▶ [Work to be completed]: The copy you return must begin at the line containing "Victoria's Secret Very Sexy Swim Bikini To…" and end at the final line of the listing below, with every picture left out.

▶ [Dataset extract]:
——————————
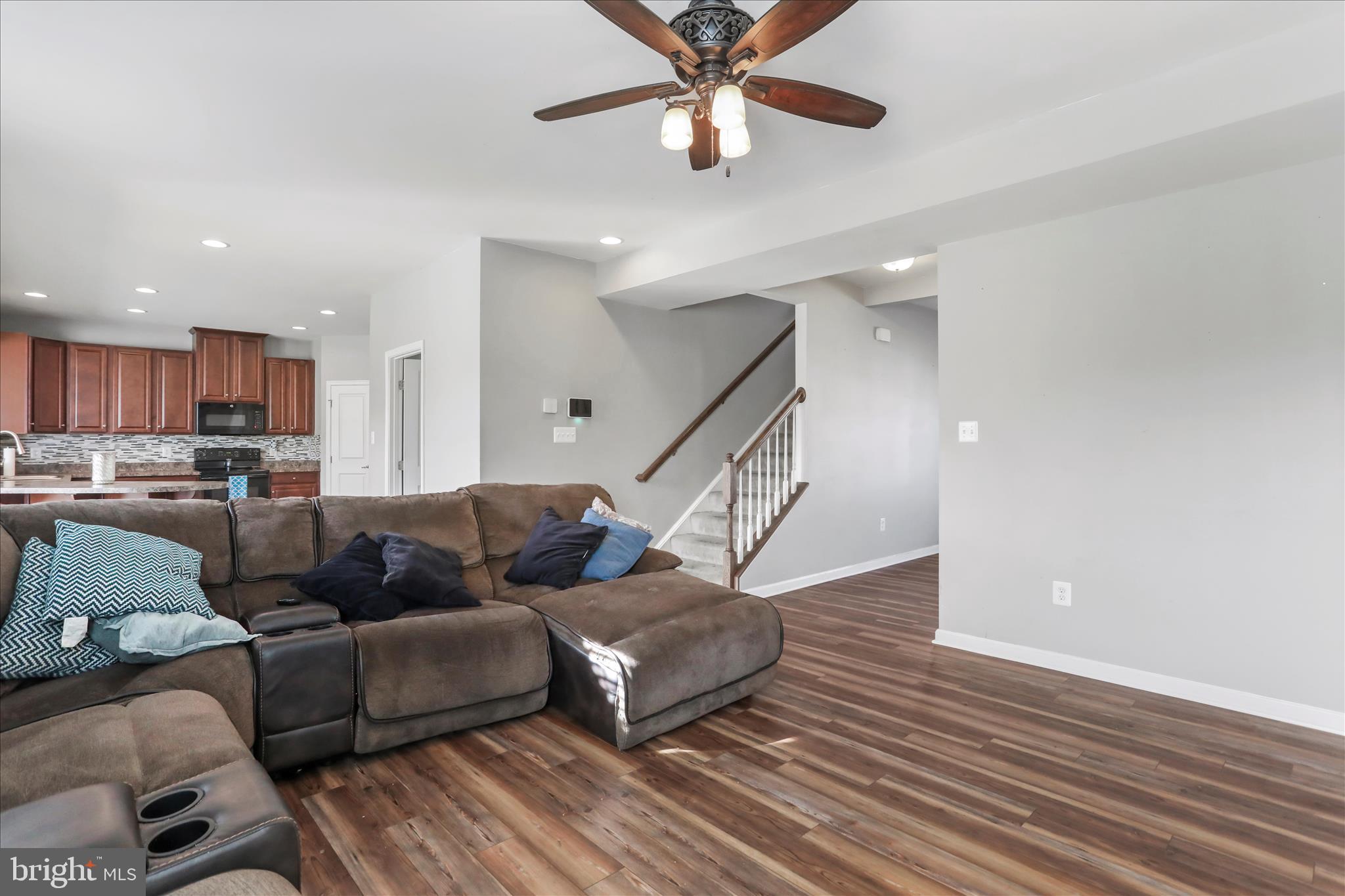 POTOMAC STATION - Residential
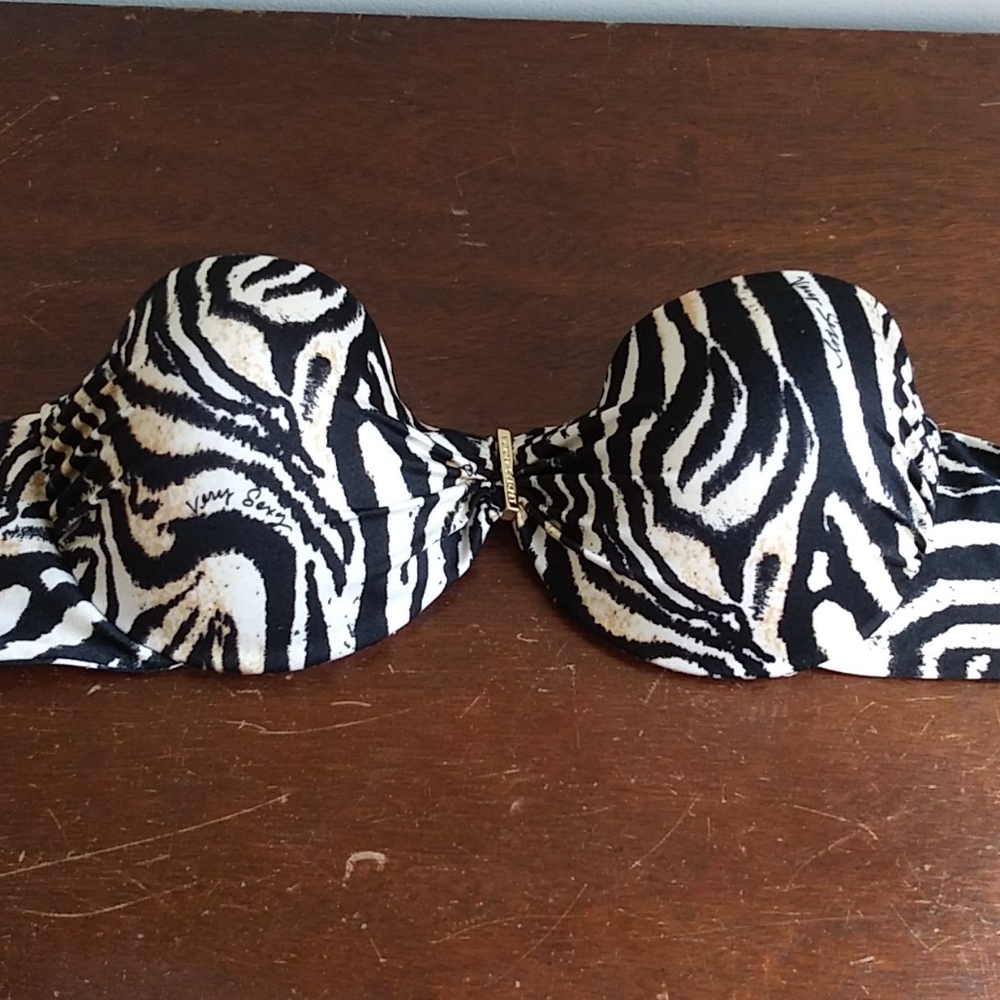 Victoria's Secret Very Sexy Swim Bikini To…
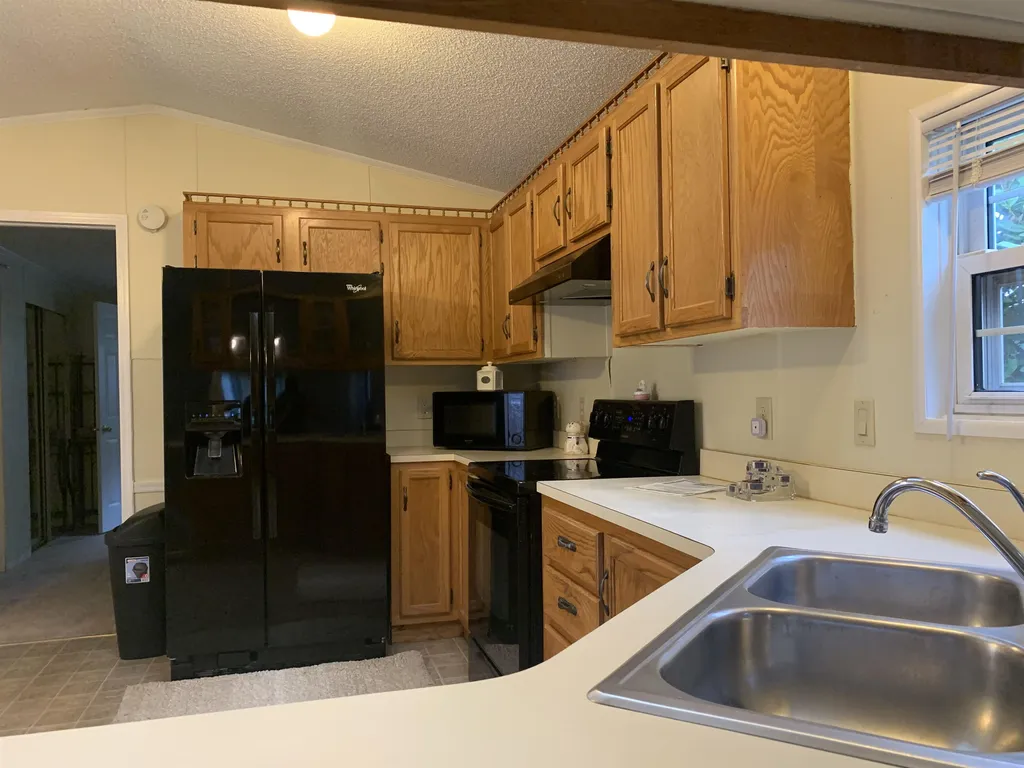 48 Adams Park Rye NH 03870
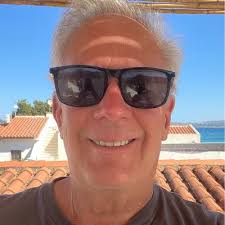 Roy Mcnamara's Instagram, Twitter & Facebook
——————————
▶ [Task result]:
 Victoria's Secret Very Sexy Swim Bikini To…
 48 Adams Park Rye NH 03870
 Roy Mcnamara's Instagram, Twitter & Facebook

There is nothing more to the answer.